***** Data for this task *****
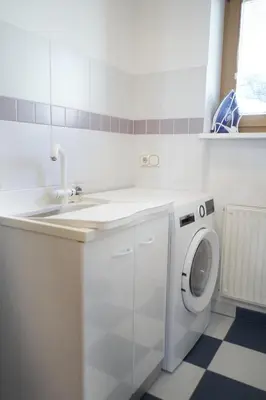 a white laundry room with a sink and a washing machine at Landhaus Anita Dolomiten Kronplatz in Perca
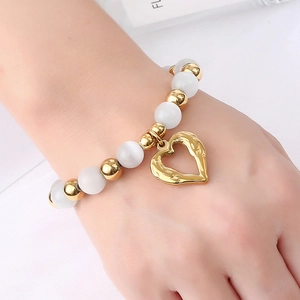 Detail of beaded bracelet with white cat-eye stones and golden hollow heart charm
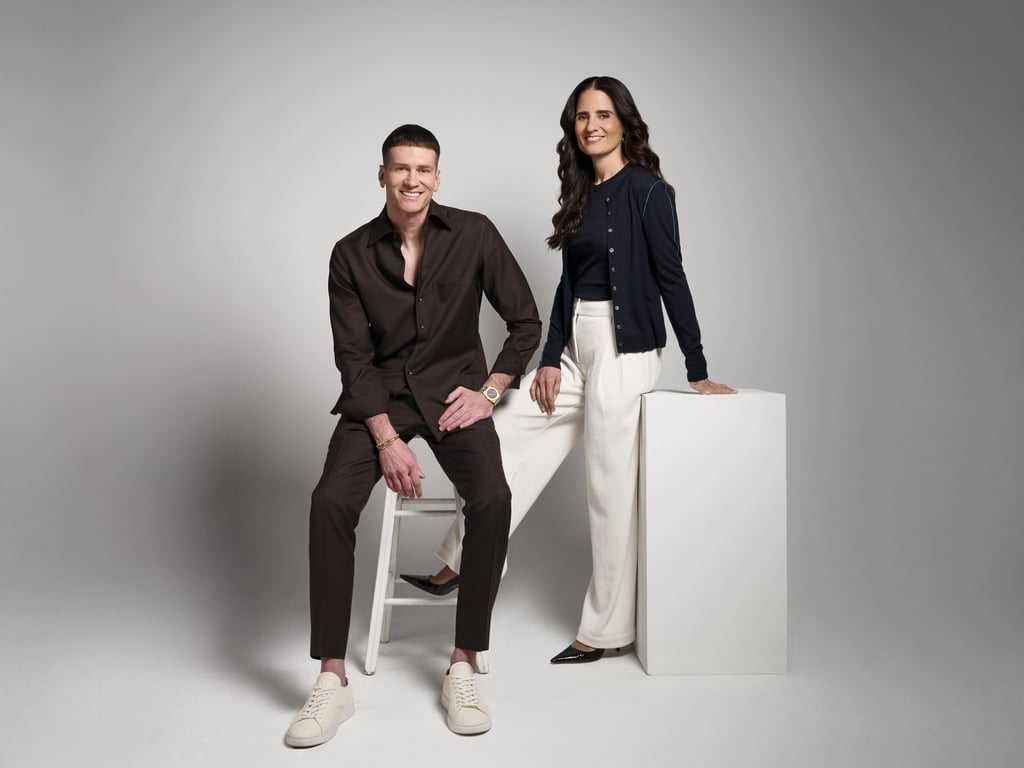 Professional studio portrait of a man and woman in business casual attire posing against a grey backdrop.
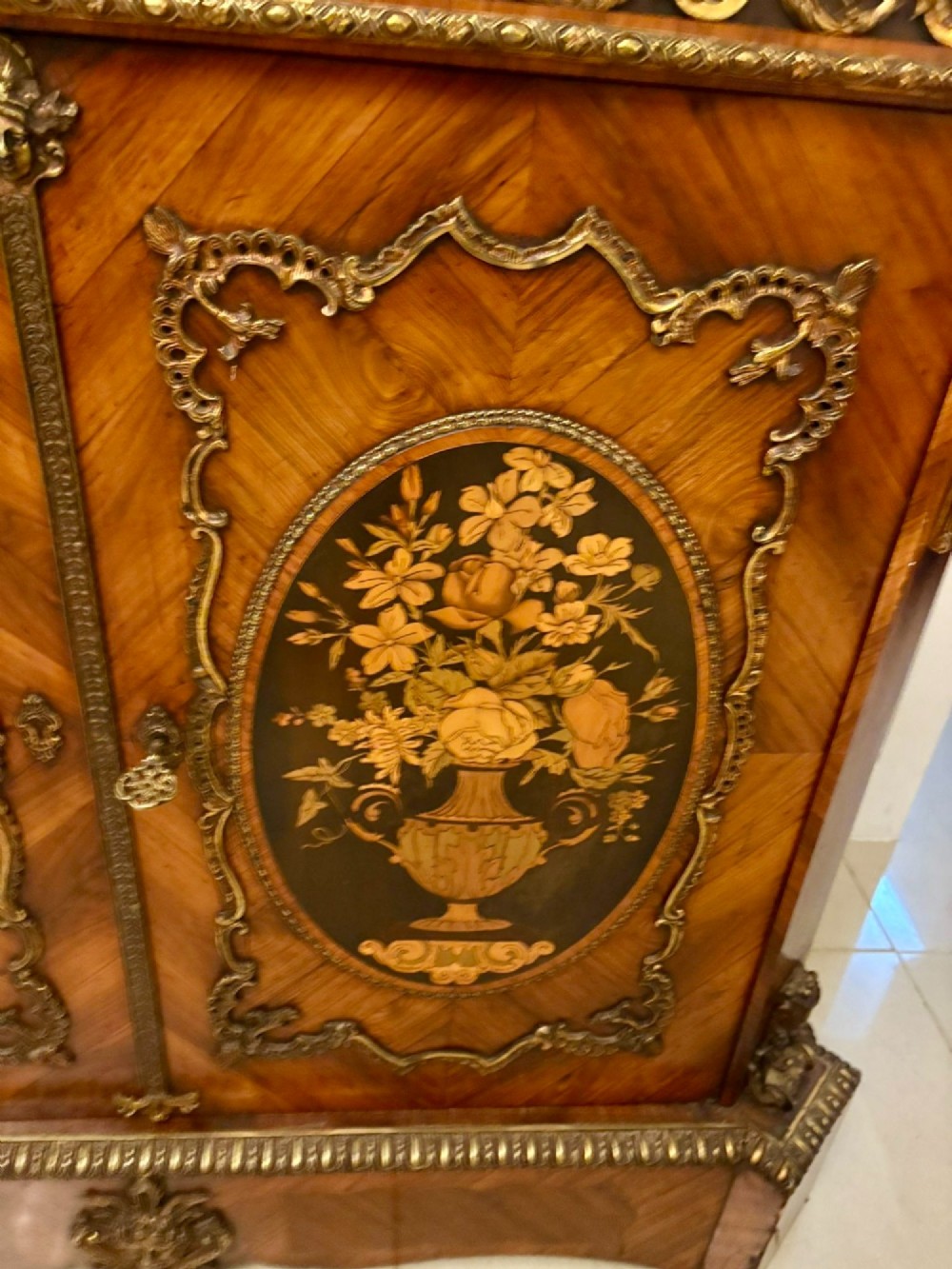 A French Louis XVI style wooden side cabinet featuring a white marble top, gilt-bronze mounts, and two door panels decorated with floral marquetry. View IX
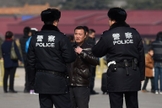 Policiais interrogam um homem na Praça Tiananmen, em Pequim. (Foto: Greg Baker/Agence France-Presse — Getty Images)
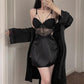 Black nightdress with lace bodice, center bow and cross straps worn with a lace-cuff black robe, model standing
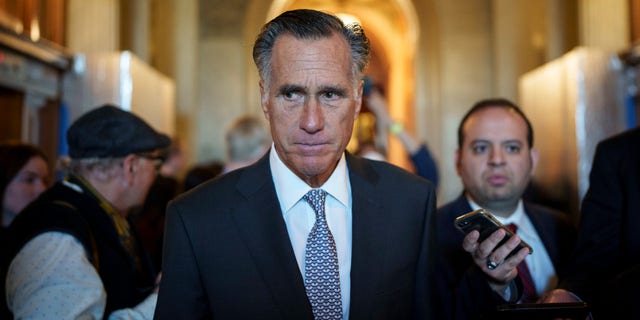 WASHINGTON, DC - NOVEMBER 16: Sen. Mitt Romney (R-UT) leaves the Senate floor after voting yes on a procedural vote on federal legislation protecting same-sex marriages, at the U.S. Capitol on November 16, 2022 in Washington, DC.  (Photo by Drew Angerer/Getty Images)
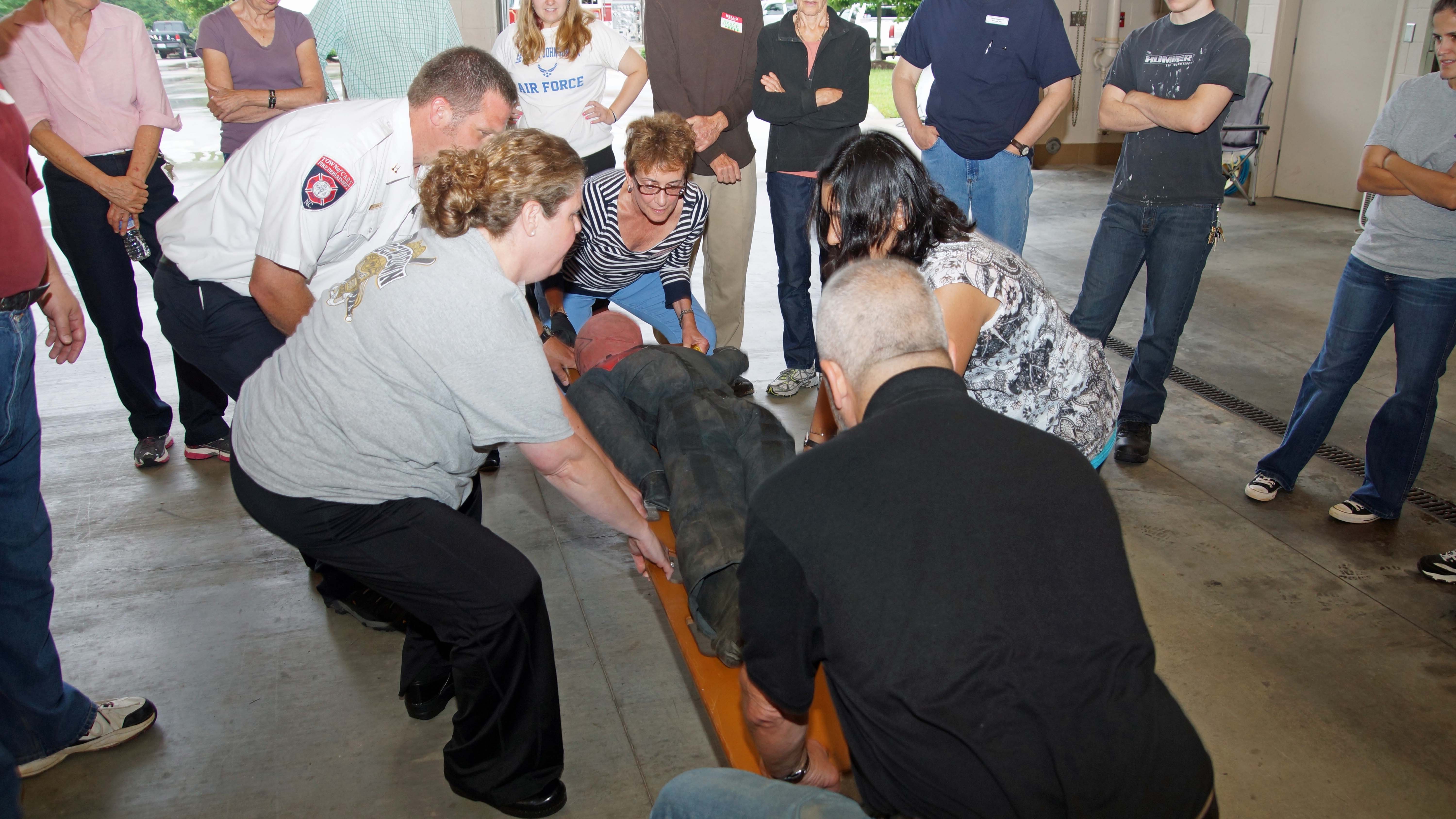 photo of CERT class practising carrying an injured person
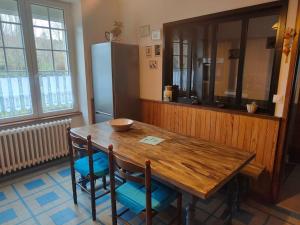 une cuisine avec une table en bois avec des chaises et un réfrigérateur dans l'établissement Chez Dom et Pascal, à Plestin-les-Grèves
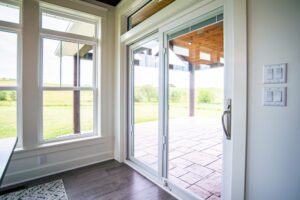 Sliding glass door with patio view.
*****
* _Task to carry out_
Above, find the line holding "Detail of beaded" and the line holding "photo of CERT". Print exactly those two lines and every line between them, but no pictures.

* _Solution for this exercise_
 Detail of beaded bracelet with white cat-eye stones and golden hollow heart charm
 Professional studio portrait of a man and woman in business casual attire posing against a grey backdrop.
 A French Louis XVI style wooden side cabinet featuring a white marble top, gilt-bronze mounts, and two door panels decorated with floral marquetry. View IX
 Policiais interrogam um homem na Praça Tiananmen, em Pequim. (Foto: Greg Baker/Agence France-Presse — Getty Images)
 Black nightdress with lace bodice, center bow and cross straps worn with a lace-cuff black robe, model standing
 WASHINGTON, DC - NOVEMBER 16: Sen. Mitt Romney (R-UT) leaves the Senate floor after voting yes on a procedural vote on federal legislation protecting same-sex marriages, at the U.S. Capitol on November 16, 2022 in Washington, DC.  (Photo by Drew Angerer/Getty Images)
 photo of CERT class practising carrying an injured person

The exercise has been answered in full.